In our pre-departure information we include guidelines about photography – this is particularly relevant in parts of Togo and Benin where some of the tribal groups are incredibly photogenic. Although many people are happy to be photographed, others are not, and we emphasise to our travellers the importance of respecting people’s wishes. Many people wish to be compensated for having their photograph taken. Although this is a complex issue, we believe that it is only fair to offer this when requested. We do not however promote indiscriminate payment for photographs when it is not requested.

Our philosophy is to only use small and locally owned suppliers, meaning that the income remains within the country and creates a real economic contribution. We also feel that the passion inherent within such suppliers means that your experience will be enhanced. We also try to engage with our suppliers on an equal basis. Getting the lowest possible price usually is not the best outcome for local communities and is ultimately unsustainable. We aim to always treat our suppliers fairly and with respect – they are after all part of the key to our success – and to us, working together is much more than just a business arrangement, it is an ongoing relationship that we aim to ensure truly benefits everyone involved.

We believe that tourism is a double-edged sword that needs to be wielded very carefully. Our philosophy is to have a limited amount of departures – usually between one and three a year – for each of our itineraries. By limiting our presence in areas where local culture can be quite fragile, we hope to avoid as much as possible the phenomenon whereby an area changes in character due to repeated and prolonged exposure to tourism. We want to visit an area as friends, not intruders and to ensure that what we see will also be there for others to enjoy for many years to come.

RESPONSIBLE TRAVEL West African drums
West African drums

We only employ local staff and unlike many operators we believe that to send a foreign Tour Leader along to accompany your trip is an unnecessary burden on your wallet and our carbon footprint. This means your money stays in the area to benefit the local community. When possible we use local transport, (i.e. rail or bus) and we always use local restaurants, markets and shops and encourage our clients to interact both financially and socially with the communities that they are passing through. In doing this your travels are supporting and encouraging the development of local services.

We only work with operators who are as committed as we are to putting something back into the communities we visit.

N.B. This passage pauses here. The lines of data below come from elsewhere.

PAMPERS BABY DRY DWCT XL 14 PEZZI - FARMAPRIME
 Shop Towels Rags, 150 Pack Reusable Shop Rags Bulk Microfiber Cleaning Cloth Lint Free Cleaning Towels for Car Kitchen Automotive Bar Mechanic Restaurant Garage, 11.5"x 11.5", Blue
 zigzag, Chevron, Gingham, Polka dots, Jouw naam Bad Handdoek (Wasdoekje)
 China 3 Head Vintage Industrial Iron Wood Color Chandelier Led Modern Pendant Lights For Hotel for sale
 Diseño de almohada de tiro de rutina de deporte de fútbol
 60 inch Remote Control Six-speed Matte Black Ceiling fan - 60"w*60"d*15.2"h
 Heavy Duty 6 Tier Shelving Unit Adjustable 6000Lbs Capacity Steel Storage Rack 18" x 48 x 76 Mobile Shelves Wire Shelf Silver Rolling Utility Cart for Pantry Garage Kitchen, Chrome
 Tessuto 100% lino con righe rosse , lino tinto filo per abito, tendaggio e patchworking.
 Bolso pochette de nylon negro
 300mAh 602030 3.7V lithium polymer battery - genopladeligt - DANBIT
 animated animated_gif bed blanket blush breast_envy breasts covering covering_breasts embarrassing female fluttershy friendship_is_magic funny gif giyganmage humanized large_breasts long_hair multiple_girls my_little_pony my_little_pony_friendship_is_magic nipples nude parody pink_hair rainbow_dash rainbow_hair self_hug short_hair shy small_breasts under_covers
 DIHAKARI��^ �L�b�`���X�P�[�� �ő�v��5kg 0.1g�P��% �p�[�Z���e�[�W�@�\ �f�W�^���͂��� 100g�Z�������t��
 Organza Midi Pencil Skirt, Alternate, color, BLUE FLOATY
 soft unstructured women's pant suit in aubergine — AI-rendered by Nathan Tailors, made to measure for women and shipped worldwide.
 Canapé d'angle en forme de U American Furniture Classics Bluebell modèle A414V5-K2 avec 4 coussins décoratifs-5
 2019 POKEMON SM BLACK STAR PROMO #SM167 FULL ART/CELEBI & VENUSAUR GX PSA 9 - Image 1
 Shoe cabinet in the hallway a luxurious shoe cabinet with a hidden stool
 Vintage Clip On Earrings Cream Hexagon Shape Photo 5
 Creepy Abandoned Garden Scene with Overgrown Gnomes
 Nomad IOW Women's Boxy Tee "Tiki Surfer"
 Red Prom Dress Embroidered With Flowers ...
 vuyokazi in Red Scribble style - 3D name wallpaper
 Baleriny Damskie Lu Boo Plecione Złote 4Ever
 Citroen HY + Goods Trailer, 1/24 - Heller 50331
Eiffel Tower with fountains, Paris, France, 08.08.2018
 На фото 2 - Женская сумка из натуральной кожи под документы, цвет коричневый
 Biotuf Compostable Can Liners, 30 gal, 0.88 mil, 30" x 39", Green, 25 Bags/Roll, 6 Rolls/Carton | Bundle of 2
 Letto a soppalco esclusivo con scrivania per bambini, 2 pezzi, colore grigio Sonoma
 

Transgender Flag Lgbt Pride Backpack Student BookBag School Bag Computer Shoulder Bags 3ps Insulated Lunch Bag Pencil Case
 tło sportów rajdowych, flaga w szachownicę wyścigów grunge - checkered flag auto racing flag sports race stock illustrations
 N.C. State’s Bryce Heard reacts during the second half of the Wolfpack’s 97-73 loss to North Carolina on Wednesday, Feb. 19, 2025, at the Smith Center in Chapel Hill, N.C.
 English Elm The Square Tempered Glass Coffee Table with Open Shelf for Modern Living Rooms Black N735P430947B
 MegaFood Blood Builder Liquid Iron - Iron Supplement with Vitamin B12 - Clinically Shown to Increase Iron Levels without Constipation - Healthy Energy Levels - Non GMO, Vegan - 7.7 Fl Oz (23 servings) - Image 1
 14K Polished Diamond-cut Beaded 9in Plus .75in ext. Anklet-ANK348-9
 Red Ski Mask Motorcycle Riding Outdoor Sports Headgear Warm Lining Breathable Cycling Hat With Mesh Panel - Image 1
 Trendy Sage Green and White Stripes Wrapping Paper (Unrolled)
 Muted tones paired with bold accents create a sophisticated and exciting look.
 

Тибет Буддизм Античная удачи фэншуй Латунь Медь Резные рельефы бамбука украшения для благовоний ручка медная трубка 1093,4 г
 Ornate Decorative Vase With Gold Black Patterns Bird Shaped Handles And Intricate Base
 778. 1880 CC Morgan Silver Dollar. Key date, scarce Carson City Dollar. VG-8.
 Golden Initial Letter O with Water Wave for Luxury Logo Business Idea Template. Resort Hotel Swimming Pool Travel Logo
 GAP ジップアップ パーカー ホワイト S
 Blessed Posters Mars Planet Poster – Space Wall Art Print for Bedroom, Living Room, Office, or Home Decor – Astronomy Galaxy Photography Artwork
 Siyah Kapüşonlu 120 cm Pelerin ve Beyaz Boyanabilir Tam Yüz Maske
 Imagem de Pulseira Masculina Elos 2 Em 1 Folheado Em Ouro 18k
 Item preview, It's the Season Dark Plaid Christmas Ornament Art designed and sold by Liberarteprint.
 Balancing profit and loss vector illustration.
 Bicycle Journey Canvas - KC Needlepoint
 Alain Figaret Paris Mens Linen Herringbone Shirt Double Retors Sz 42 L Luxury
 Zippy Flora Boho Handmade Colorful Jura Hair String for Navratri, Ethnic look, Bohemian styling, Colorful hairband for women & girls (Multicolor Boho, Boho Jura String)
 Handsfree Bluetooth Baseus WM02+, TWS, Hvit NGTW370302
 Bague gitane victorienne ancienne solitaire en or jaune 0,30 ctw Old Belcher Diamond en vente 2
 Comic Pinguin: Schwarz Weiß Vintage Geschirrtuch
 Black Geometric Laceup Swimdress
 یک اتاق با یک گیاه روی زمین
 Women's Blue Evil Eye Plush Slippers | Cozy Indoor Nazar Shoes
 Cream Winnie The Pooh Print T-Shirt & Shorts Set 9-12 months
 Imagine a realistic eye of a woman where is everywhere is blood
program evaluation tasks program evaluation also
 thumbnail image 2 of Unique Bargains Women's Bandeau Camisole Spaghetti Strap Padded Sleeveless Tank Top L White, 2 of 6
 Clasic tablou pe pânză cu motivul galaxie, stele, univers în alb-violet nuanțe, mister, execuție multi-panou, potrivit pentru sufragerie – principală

This may include giving a percentage of the profits from each tour to a foundation to help street children or local conservation projects. Furthermore, to allow our clients to make an informed decision on where a greater proportion of their money should be spent, we avoid including prepaid full board meals where possible. In this way, local restaurants and cafes will benefit.

Our groups average only six clients, and many tours operate on a private basis with only two travellers. This has much less impact when travelling through rural areas, reducing our environmental and social effects. Finally, to emphasise our commitment to Responsible Tourism, all clients will receive a copy of our Travellers’ Code of Conduct with their travel documents.